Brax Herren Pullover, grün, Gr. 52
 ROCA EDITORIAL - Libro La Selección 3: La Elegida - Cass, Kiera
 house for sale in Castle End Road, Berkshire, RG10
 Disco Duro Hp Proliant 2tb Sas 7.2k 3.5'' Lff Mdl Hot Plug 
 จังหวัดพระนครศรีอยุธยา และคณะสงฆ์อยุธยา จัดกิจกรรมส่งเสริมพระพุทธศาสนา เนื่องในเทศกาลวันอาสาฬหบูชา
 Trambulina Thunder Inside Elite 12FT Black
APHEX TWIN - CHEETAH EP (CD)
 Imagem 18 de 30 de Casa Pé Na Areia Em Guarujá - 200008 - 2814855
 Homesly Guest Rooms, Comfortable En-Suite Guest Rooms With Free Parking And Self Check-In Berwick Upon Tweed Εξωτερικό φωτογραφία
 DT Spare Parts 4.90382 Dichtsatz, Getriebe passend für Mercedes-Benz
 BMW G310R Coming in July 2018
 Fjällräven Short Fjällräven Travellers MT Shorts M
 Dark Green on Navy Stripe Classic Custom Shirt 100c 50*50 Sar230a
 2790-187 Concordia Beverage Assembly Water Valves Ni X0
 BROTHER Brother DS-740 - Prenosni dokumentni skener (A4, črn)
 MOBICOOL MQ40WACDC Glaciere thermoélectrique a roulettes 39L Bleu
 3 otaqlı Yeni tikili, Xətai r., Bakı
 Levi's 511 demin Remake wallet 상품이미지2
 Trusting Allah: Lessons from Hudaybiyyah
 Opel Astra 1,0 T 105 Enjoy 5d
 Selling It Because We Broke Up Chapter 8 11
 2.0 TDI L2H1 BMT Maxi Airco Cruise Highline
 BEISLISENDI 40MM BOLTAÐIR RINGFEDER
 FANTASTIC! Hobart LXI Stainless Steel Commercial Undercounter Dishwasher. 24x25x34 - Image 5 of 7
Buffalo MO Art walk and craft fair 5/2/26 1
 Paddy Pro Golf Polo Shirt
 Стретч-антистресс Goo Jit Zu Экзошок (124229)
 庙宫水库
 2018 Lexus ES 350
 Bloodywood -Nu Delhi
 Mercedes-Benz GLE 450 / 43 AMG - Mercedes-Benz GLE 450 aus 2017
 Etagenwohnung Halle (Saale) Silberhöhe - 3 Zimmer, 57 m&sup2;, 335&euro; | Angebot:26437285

Try it – Every line of the listing is to be transcribed exactly.

Answer section –
Brax Herren Pullover, grün, Gr. 52
 ROCA EDITORIAL - Libro La Selección 3: La Elegida - Cass, Kiera
 house for sale in Castle End Road, Berkshire, RG10
 Disco Duro Hp Proliant 2tb Sas 7.2k 3.5'' Lff Mdl Hot Plug 
 จังหวัดพระนครศรีอยุธยา และคณะสงฆ์อยุธยา จัดกิจกรรมส่งเสริมพระพุทธศาสนา เนื่องในเทศกาลวันอาสาฬหบูชา
 Trambulina Thunder Inside Elite 12FT Black
APHEX TWIN - CHEETAH EP (CD)
 Imagem 18 de 30 de Casa Pé Na Areia Em Guarujá - 200008 - 2814855
 Homesly Guest Rooms, Comfortable En-Suite Guest Rooms With Free Parking And Self Check-In Berwick Upon Tweed Εξωτερικό φωτογραφία
 DT Spare Parts 4.90382 Dichtsatz, Getriebe passend für Mercedes-Benz
 BMW G310R Coming in July 2018
 Fjällräven Short Fjällräven Travellers MT Shorts M
 Dark Green on Navy Stripe Classic Custom Shirt 100c 50*50 Sar230a
 2790-187 Concordia Beverage Assembly Water Valves Ni X0
 BROTHER Brother DS-740 - Prenosni dokumentni skener (A4, črn)
 MOBICOOL MQ40WACDC Glaciere thermoélectrique a roulettes 39L Bleu
 3 otaqlı Yeni tikili, Xətai r., Bakı
 Levi's 511 demin Remake wallet 상품이미지2
 Trusting Allah: Lessons from Hudaybiyyah
 Opel Astra 1,0 T 105 Enjoy 5d
 Selling It Because We Broke Up Chapter 8 11
 2.0 TDI L2H1 BMT Maxi Airco Cruise Highline
 BEISLISENDI 40MM BOLTAÐIR RINGFEDER
 FANTASTIC! Hobart LXI Stainless Steel Commercial Undercounter Dishwasher. 24x25x34 - Image 5 of 7
Buffalo MO Art walk and craft fair 5/2/26 1
 Paddy Pro Golf Polo Shirt
 Стретч-антистресс Goo Jit Zu Экзошок (124229)
 庙宫水库
 2018 Lexus ES 350
 Bloodywood -Nu Delhi
 Mercedes-Benz GLE 450 / 43 AMG - Mercedes-Benz GLE 450 aus 2017
 Etagenwohnung Halle (Saale) Silberhöhe - 3 Zimmer, 57 m&sup2;, 335&euro; | Angebot:26437285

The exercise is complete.